(Directions) All of the data must be retyped exactly, with nothing left out.

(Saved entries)

————

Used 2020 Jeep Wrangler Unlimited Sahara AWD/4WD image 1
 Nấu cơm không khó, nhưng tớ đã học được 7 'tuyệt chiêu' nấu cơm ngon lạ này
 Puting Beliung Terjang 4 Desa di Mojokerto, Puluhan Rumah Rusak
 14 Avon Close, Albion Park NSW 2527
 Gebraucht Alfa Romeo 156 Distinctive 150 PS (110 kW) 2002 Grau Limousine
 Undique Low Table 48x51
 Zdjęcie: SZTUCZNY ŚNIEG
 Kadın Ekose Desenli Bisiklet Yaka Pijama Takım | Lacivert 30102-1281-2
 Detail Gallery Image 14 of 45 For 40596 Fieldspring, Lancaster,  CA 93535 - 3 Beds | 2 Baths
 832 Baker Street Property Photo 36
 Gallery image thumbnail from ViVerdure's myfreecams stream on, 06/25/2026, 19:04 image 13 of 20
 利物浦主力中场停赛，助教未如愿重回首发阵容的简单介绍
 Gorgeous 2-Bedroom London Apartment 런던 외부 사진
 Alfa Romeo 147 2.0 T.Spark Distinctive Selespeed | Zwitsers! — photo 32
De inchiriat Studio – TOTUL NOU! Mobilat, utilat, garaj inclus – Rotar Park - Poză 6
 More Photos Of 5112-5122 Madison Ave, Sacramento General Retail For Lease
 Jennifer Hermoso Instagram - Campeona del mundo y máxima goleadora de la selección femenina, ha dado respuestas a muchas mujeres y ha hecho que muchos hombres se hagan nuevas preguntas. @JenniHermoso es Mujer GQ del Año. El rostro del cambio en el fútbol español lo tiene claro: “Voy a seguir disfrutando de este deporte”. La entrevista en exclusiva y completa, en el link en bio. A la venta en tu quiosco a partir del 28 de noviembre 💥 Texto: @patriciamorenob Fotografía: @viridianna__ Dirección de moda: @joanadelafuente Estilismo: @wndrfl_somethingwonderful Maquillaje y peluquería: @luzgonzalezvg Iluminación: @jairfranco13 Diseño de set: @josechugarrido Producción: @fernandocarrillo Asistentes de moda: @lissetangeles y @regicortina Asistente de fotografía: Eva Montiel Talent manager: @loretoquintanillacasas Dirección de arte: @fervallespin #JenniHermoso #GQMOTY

————

(Result)
Used 2020 Jeep Wrangler Unlimited Sahara AWD/4WD image 1
 Nấu cơm không khó, nhưng tớ đã học được 7 'tuyệt chiêu' nấu cơm ngon lạ này
 Puting Beliung Terjang 4 Desa di Mojokerto, Puluhan Rumah Rusak
 14 Avon Close, Albion Park NSW 2527
 Gebraucht Alfa Romeo 156 Distinctive 150 PS (110 kW) 2002 Grau Limousine
 Undique Low Table 48x51
 Zdjęcie: SZTUCZNY ŚNIEG
 Kadın Ekose Desenli Bisiklet Yaka Pijama Takım | Lacivert 30102-1281-2
 Detail Gallery Image 14 of 45 For 40596 Fieldspring, Lancaster,  CA 93535 - 3 Beds | 2 Baths
 832 Baker Street Property Photo 36
 Gallery image thumbnail from ViVerdure's myfreecams stream on, 06/25/2026, 19:04 image 13 of 20
 利物浦主力中场停赛，助教未如愿重回首发阵容的简单介绍
 Gorgeous 2-Bedroom London Apartment 런던 외부 사진
 Alfa Romeo 147 2.0 T.Spark Distinctive Selespeed | Zwitsers! — photo 32
De inchiriat Studio – TOTUL NOU! Mobilat, utilat, garaj inclus – Rotar Park - Poză 6
 More Photos Of 5112-5122 Madison Ave, Sacramento General Retail For Lease
 Jennifer Hermoso Instagram - Campeona del mundo y máxima goleadora de la selección femenina, ha dado respuestas a muchas mujeres y ha hecho que muchos hombres se hagan nuevas preguntas. @JenniHermoso es Mujer GQ del Año. El rostro del cambio en el fútbol español lo tiene claro: “Voy a seguir disfrutando de este deporte”. La entrevista en exclusiva y completa, en el link en bio. A la venta en tu quiosco a partir del 28 de noviembre 💥 Texto: @patriciamorenob Fotografía: @viridianna__ Dirección de moda: @joanadelafuente Estilismo: @wndrfl_somethingwonderful Maquillaje y peluquería: @luzgonzalezvg Iluminación: @jairfranco13 Diseño de set: @josechugarrido Producción: @fernandocarrillo Asistentes de moda: @lissetangeles y @regicortina Asistente de fotografía: Eva Montiel Talent manager: @loretoquintanillacasas Dirección de arte: @fervallespin #JenniHermoso #GQMOTY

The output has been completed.